Third, collection of expenditure data is far more difficult than collecting data on health insurance or use of services. Many respondents are unable to accurately report the payment that went to their provider. MEPS remedies this by obtaining payment data directly from providers that are identified by those in the household survey. There are however insufficient resources to obtain data from all identified providers. Currently attempts are made to obtain validation data from all identified hospitals and pharmacies. Although relatively high response rates are obtained in the provider validation, a substantial amount of data is still missing and must be imputed. Imputed data is not as accurate as validation data.
Additional resources would be valuable in decreasing the amount of hospital data that currently cannot be verified. The problem regarding the cost of ambulatory care is even more serious; because of resource limitations only half of the identified physicians are even contacted to provide payment data.
Finally, we need to know more about provider incentives. This information could be obtained by asking providers for a small amount of supplementary data in addition to the payment data requested. The 2016 MEPS does include a Medical Organization Survey to fill this need but this component was externally funded as a onetime effort and is not scheduled to be included in future surveys.
Future Considerations
The MEPS budget has remained flat despite its growing use among stakeholders including the Congressional Budget Office, the Office of The Assistant Secretary for Planning and Evaluation, The Medicaid and CHIP Payment and Access Commission, Office of Management and Budget, the White House, and many others in both the public and private sectors. We would like to see MEPS increase its capacity to provide state estimates, conduct more longitudinal analysis, and link the use and cost of patient care to the incentives of their providers. The following enhancements should be considered:
- The MEPS sample size should be increased. One method for doing this would be to continue adding new cases at the current rate each year but retain respondents in the sample for three years instead of two. If this were implemented, in 2018 the MEPS sample would grow from 14,000 households to 21,000. In addition to increased precision this would also allow for longitudinal analyses to be conducted using a three-year window. This would be a good first step to better understand the effects of changing health care coverage on health status.
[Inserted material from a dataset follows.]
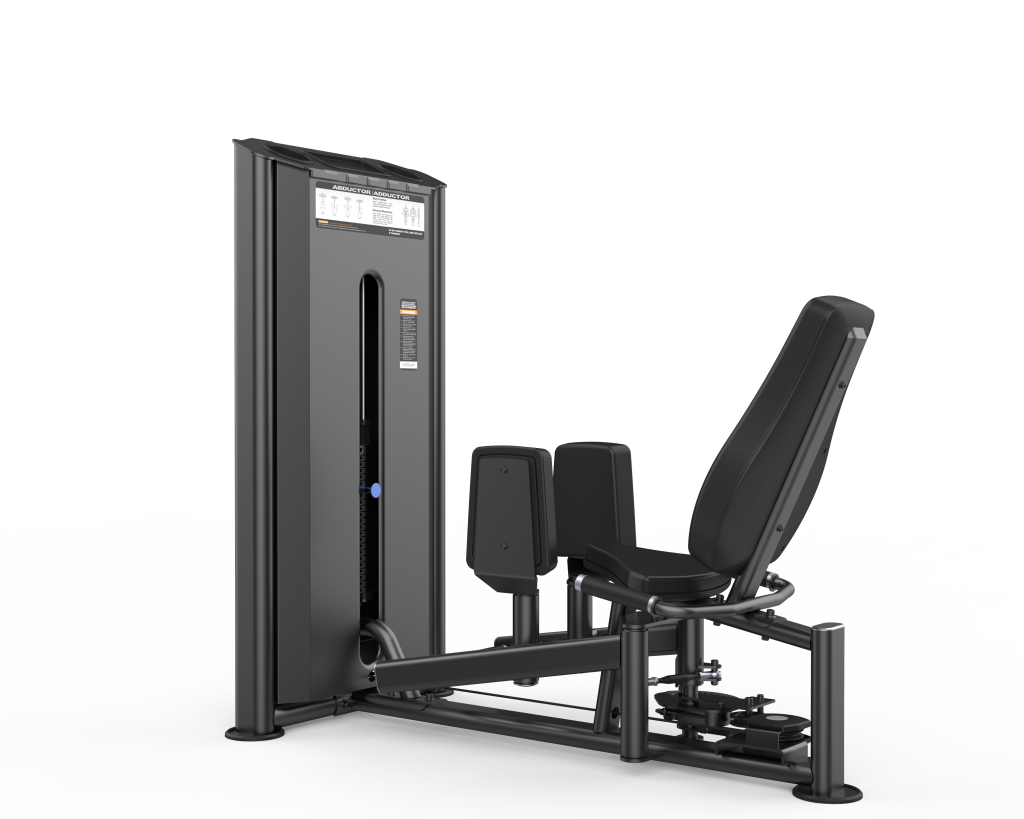 Dual Abductor and Adductor DHZ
It would also help, but not solve, the issues related to state estimates.
- All identified physicians should be asked to provide data validating the expenditures reported by their patients in the MEPS sample.
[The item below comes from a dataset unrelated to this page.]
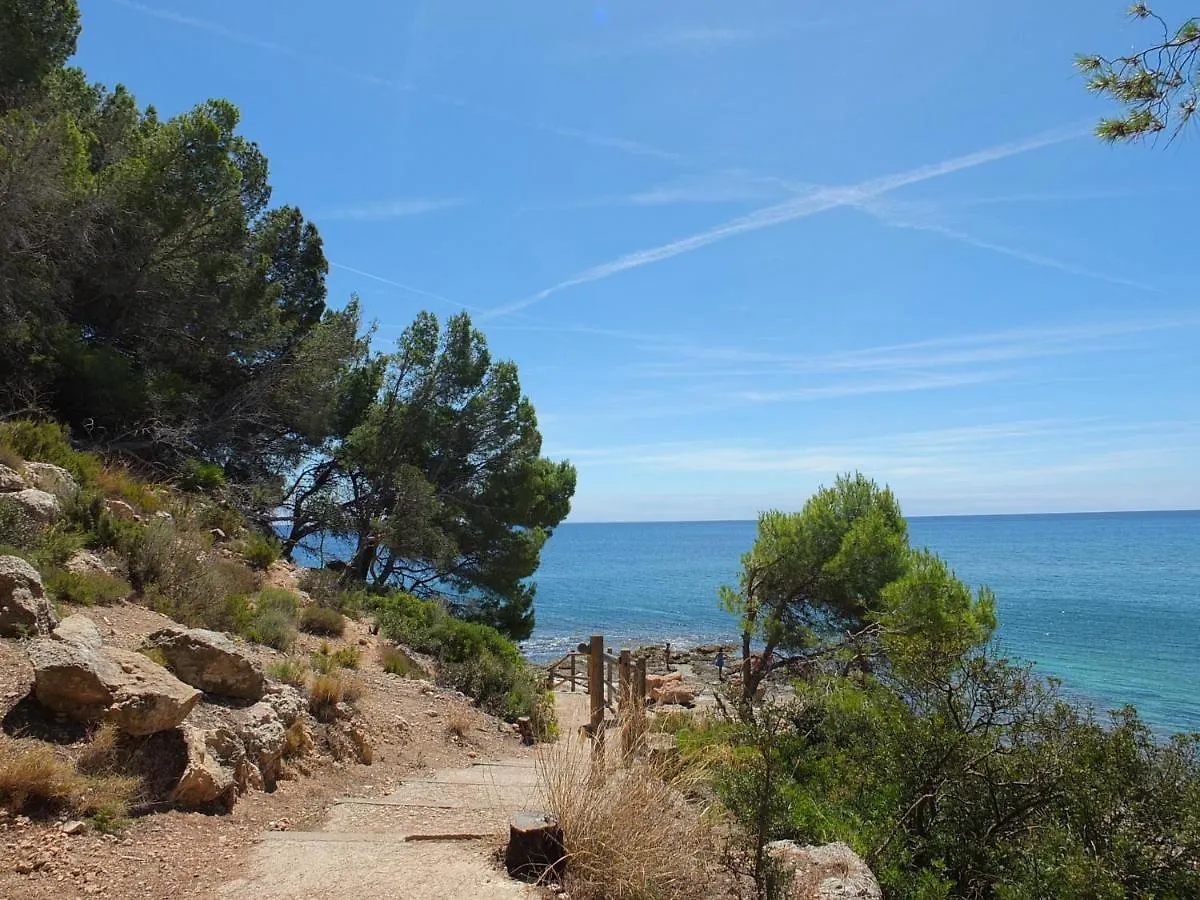 Villa Catalina: Seaside Family Retreat with Private Pool L'Ametlla de Mar Spain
- The Medical Organization component of MEPS which collects data on physician practices and incentives should become a permanent component of MEPS.
Implementing these recommendations would increase the annual cost of MEPS by approximately one-third; a justifiable investment. Earlier versions of the MEPS were far more resource intensive than the current effort. They included more rounds of interviews, a separate component for examining those receiving care in institutions, and another component that collected detailed data from insurance plans identified by respondents in the household survey. The enhancements suggested here would still result in a leaner effort than those fielded in 1986 or 1996.
The health care debate will continue to be contentious but the lack of quality data does not benefit either side. MEPS has helped contribute to informed discussions about many health care issues and it is a resource that is worthy of support.